Report only how many lines in the material contain "with".

» **Extracted records**

════════════════

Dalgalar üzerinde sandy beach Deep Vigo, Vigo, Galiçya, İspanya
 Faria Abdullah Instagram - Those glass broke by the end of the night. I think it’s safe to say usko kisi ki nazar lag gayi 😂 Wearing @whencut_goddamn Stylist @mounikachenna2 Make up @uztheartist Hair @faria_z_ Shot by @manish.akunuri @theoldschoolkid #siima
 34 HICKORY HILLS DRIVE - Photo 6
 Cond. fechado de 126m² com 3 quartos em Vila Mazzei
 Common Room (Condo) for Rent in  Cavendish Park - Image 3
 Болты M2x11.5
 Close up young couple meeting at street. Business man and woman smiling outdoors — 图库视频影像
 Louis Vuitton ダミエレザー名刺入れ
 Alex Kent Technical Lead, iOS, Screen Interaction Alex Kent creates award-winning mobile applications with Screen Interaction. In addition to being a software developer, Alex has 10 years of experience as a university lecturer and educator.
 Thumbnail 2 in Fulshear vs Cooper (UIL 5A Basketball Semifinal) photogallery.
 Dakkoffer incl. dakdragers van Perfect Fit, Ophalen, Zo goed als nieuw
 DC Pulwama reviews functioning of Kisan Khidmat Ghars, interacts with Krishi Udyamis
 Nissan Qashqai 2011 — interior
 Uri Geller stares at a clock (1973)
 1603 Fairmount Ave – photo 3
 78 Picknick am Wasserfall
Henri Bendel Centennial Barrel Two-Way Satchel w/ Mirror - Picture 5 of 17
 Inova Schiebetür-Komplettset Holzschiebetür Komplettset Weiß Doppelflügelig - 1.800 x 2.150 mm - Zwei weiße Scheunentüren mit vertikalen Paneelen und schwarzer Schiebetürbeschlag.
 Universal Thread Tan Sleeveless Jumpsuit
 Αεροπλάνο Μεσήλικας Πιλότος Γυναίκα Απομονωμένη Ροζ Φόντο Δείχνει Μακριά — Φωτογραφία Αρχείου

════════════════

» **Expected output**
2